The dead seagrass washing up on shores around the Coromandel can be attributed to changes of water currents and weather. Photo/Supplied.

The mysterious substance that has washed up along Coromandel beaches this week has been identified as dead seagrass.

But the reason why it has suddenly washed up has left residents puzzled.

University of Otago Department of Marine Science Research Associate Professor Ceridwen Fraser and Lecturer Dr Robert Smith explain why this strange occurrence may be happening.

The seagrass has littered numerous beaches in the Coromandel and has also been seen along the beach in Arataki.

Believing it was plastic, residents in the areas collected rubbish bags full of the substance, and although it has now been identified as a natural substance, locals are wondering why this is happening as many have never seen anything like it before.
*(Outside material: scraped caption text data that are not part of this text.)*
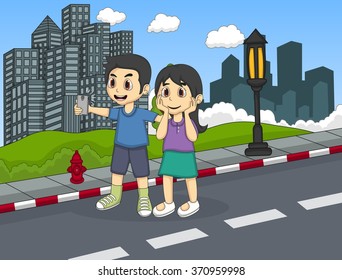 Children self-ie in the park cartoon vector illustration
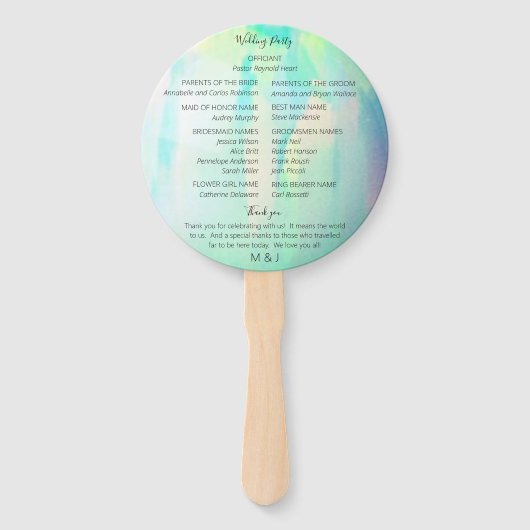 Éventail Opal Photo Wedding Programme (Dos)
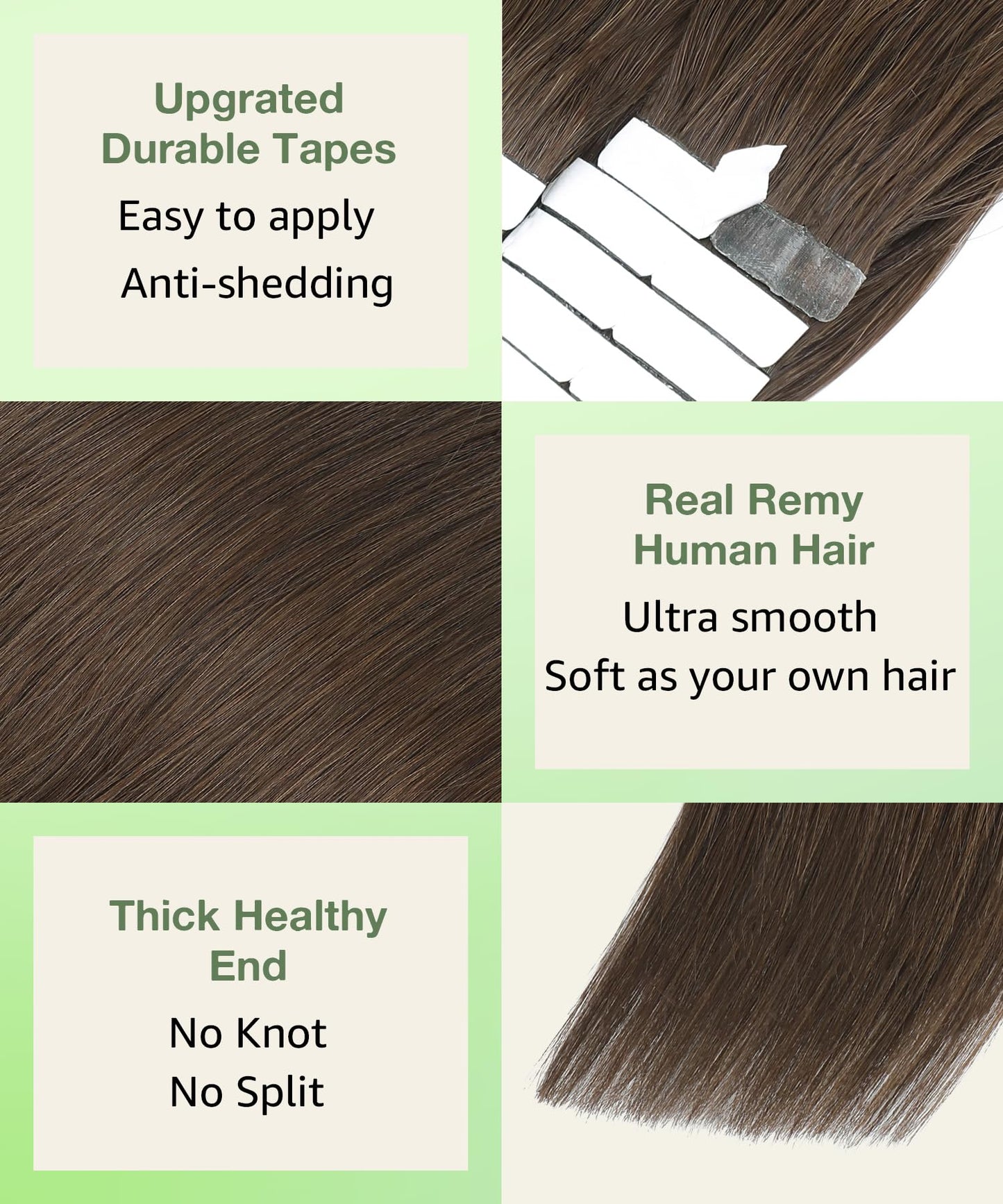 SURNEL Tape in Hair Extensions Human Hair 14 inch 20pcs 50g Straight Tape inHair Extensions Color 4 Medium Brown Hair Extensions(#4-14)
Ceridwen says the strands are definitely plant material and are probably Zostera sea grass, also known as eel grass, which is not a seaweed but a true flowering plant.

“Zostera sheds its leaves after winter, usually between October and December in New Zealand, and when there are large seagrass meadows, that can mean a lot of seagrass leaves washing up on shore all of a sudden.

“The green leaves can turn brown or bleach white on the beach. Human activities can also dislodge seagrass, but given the lack of roots on the samples I was sent and the timing, I suspect this mass stranding event is just a natural process.

“Changes in currents and weather can cause changes in what washes up on beaches.

“For example, here in eastern Otago we often get a lot of floating seaweed from the sub-Antarctic washing up on local beaches after strong south-easterly storms – at other times it’s rare as it heads offshore.

“Seagrass meadows create very important ecosystems, including as habitat for young fish, ‘nurseries’, carbon sequestration, and food for many marine species.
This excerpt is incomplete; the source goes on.